There are several possible alternatives to invest in wind energy, or more broadly in renewables: stocks, managed funds, ETFs or even direct investment in the development of a project.
The option described in this post (buy your own turbines) is probably the most extreme but it’s not unseen. I’ve been personally involved in several projects owned not by utilities, mega corporations or professional developers but by private investors or small companies willing to pay out of their balance sheet.
Additionally, it has to be considered that the banks are usually willing to finance a relevant portion of projects. The percentage that can be financed is somewhere around 60% to 70%, in some cases even more.
The capital cost of wind projects are dominated by the cost of the turbine. In this blog you will find quite a lot of post detailing the other costs associated with the project, usually called “Balance of Plant” (BoP).
As a rule of thumb I would say that the turbines, fully installed and operational (that is, including transportation, installation and commissioning costs) will be somewhere between 60% to 80% of the total investment.
How much does an industrial, multi megawatt wind turbine cost?
It’s obviously not easy to answer this question as it’s dependant on several variables such as number of turbines purchased, transportation costs (marine and overland), financing, insurance and warranties, etc. Actually is so critical that companies in the wind business have usually specialized departments devoted to the gentle art of Pricing.

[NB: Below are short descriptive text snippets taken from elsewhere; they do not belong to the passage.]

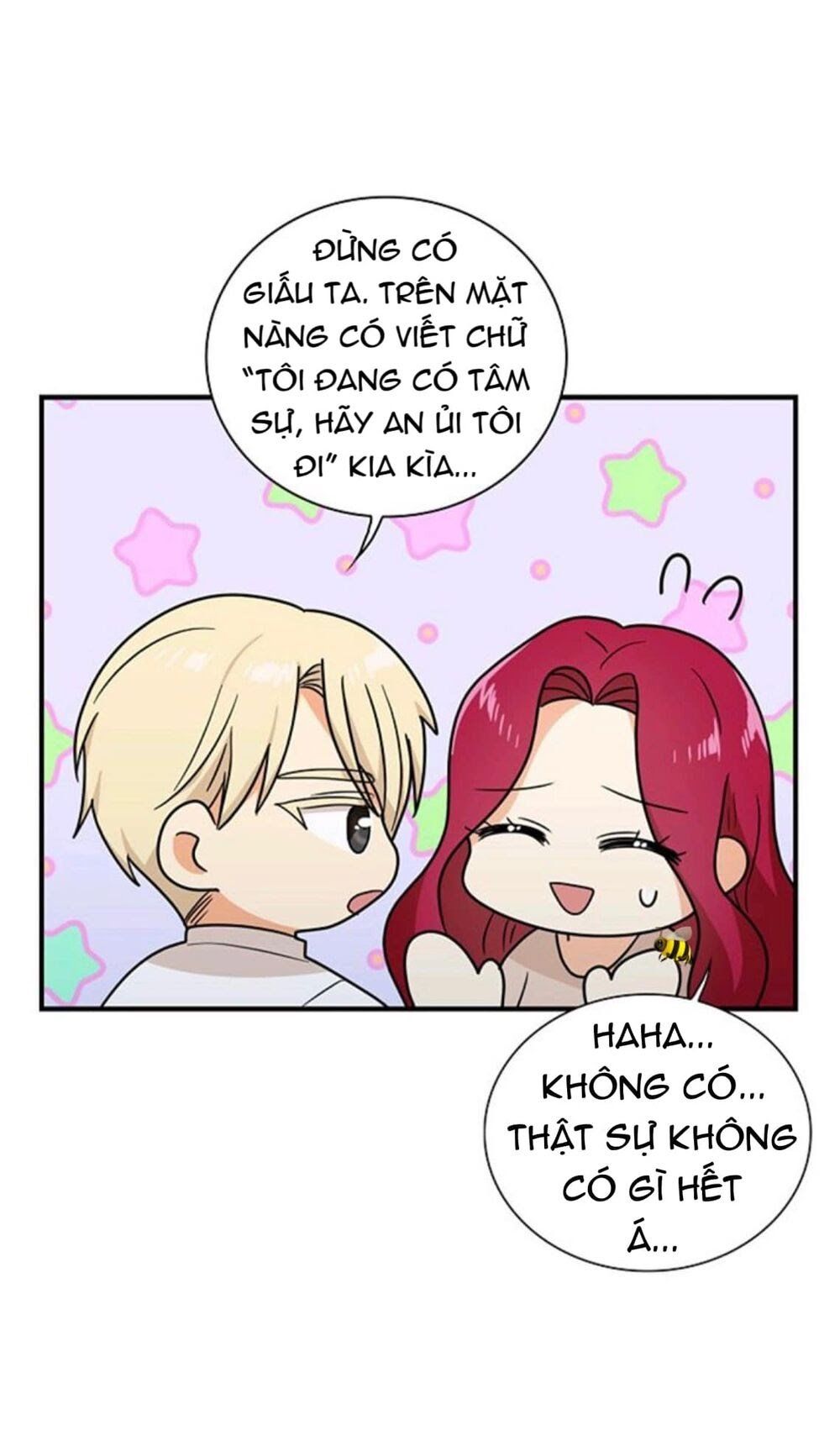 đọc truyện Xuyên Không Thành Mami Của Nhân Vật Phản Diện Chương 41 ảnh 36 tại Thiên Thai Truyện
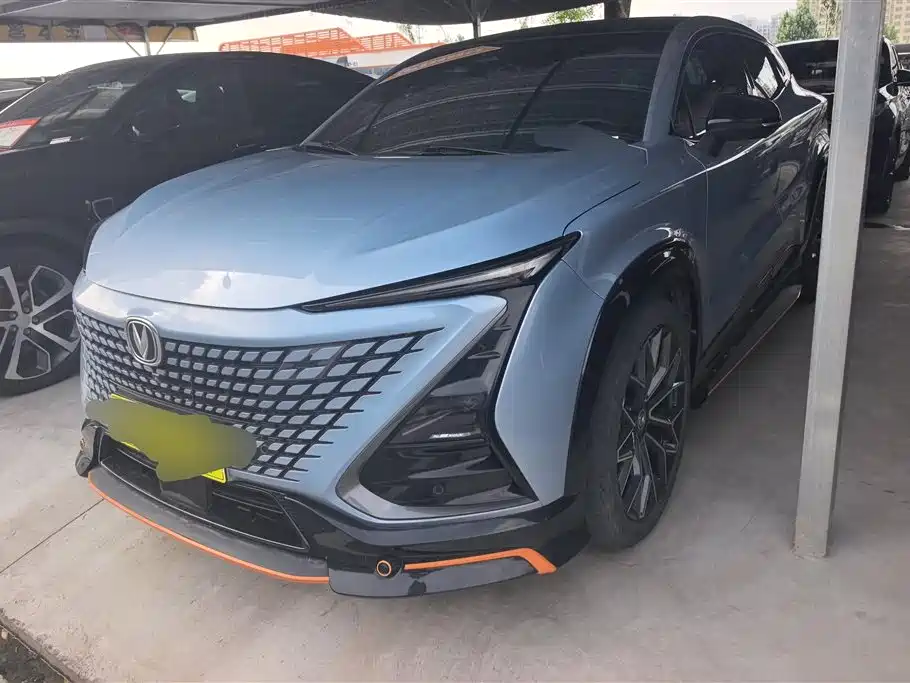 CHANGAN UNI-T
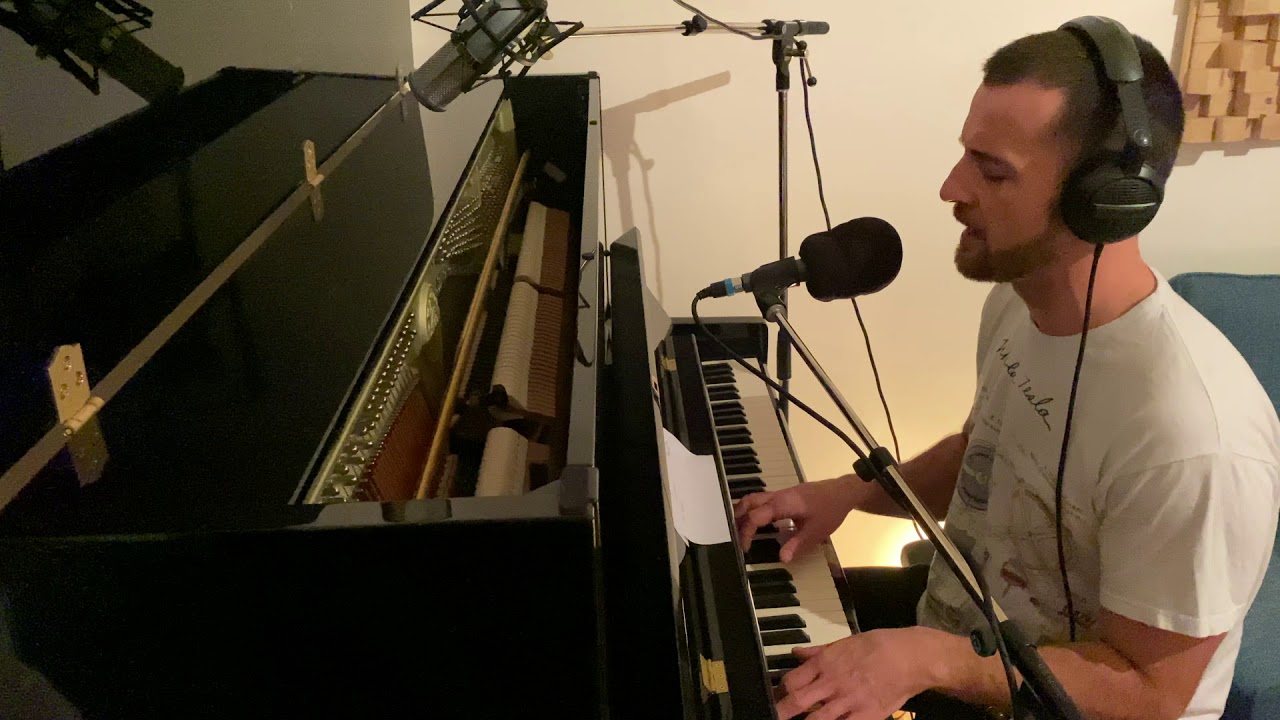 Faith (George Michael Cover)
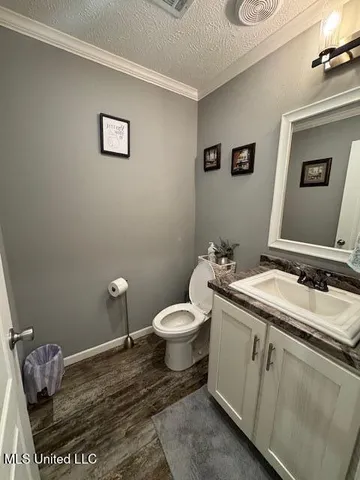 $240,000 | 1014 Diane Circle, Summit, MS 39666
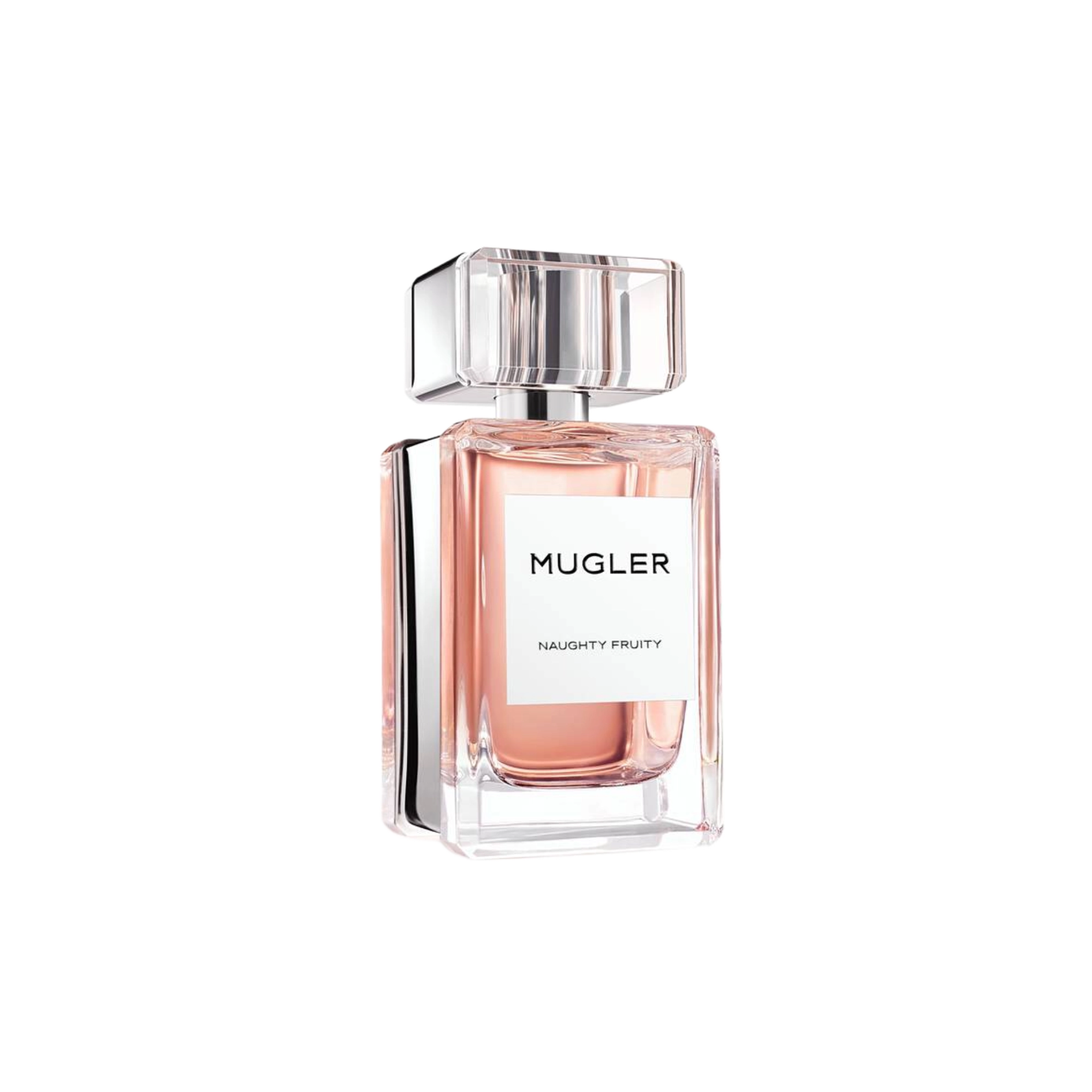 موجلر نوتي فروتي أو دو برفيوم 80 مل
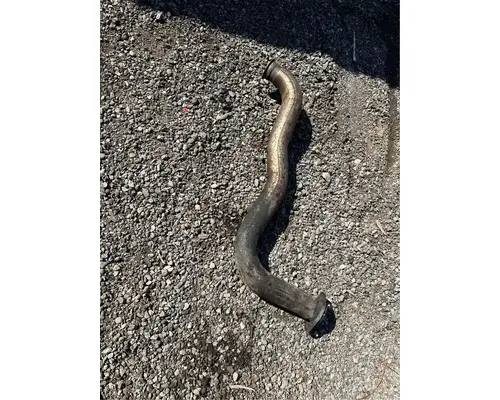 IC Corporation PB105 Exhaust Pipe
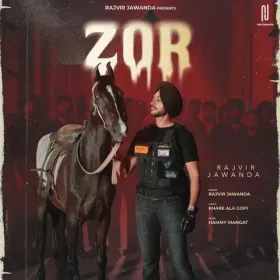 Zor Cover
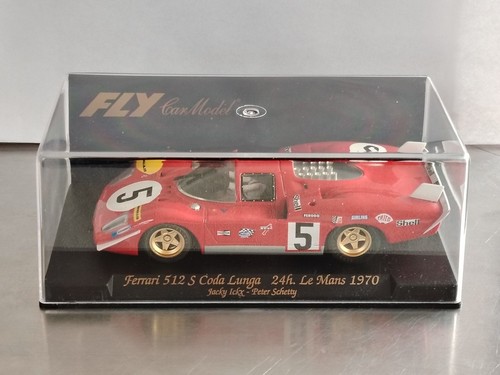 Fly ferrari 512 s - fly,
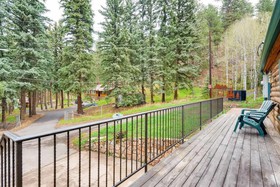 Colorado Bear Creek Cabins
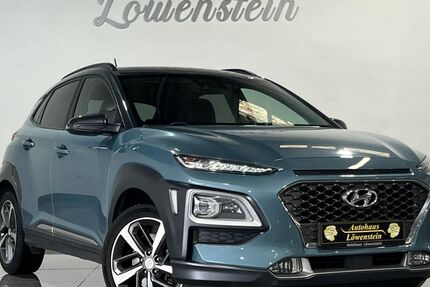 Hyundai KONA 88.969 km 15.980 € Moers 47443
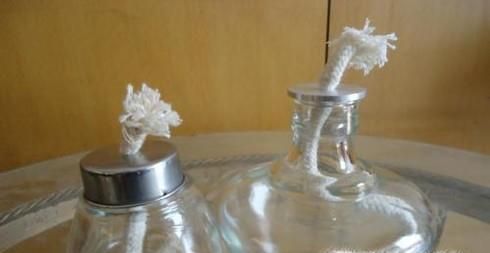 酒精灯的使用技巧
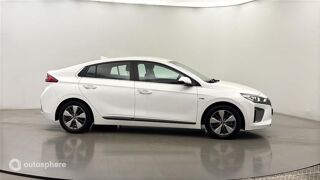 Ioniq Plug-in 141ch Executive 2018 occasion 44000 NANTES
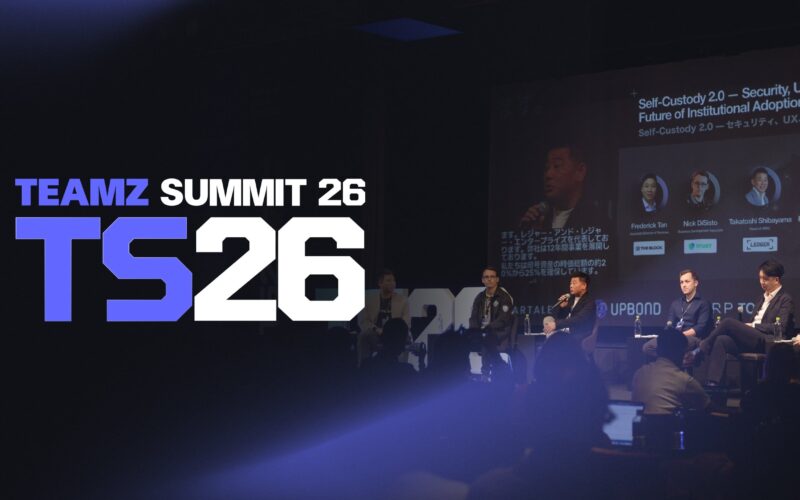 TEAMZ Summit 2026: Themes, Trends, and Takeaways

However several reliable sources (Bloomberg in primis – they are the source for the image above) are concordant on the fact that the cost per megawatt is steadily decreasing.
When I joined the wind industry (2010) a MW was somewhere around 1.4 to 1.6 million dollars – that is, you could expect to pay around 3 ML$ for a 2 MW wind turbine.
Today (end of 2018) prices have dropped dramatically. Buying a turbine today, with delivery at the end of the next year, will probably cost around 1 M$ per MW.
There are several reasons behind this price drop. I believe that the main 2 are scale factor (today, 3 to 4 MW wind turbines are the norm while in the past the standard was 1.5 to 2 MW) and market pressure in the majority of developed markets (USA and Europe).
To summarize, to invest in wind energy building your own small wind farm (1 turbine around 3MW, no substation or other substantial BoP costs) you would need probably between 0.5 and 1 ML$. This very rough estimate consider a total cost of the project between 3.5 and 4 ML$, with the banks financing around 70%.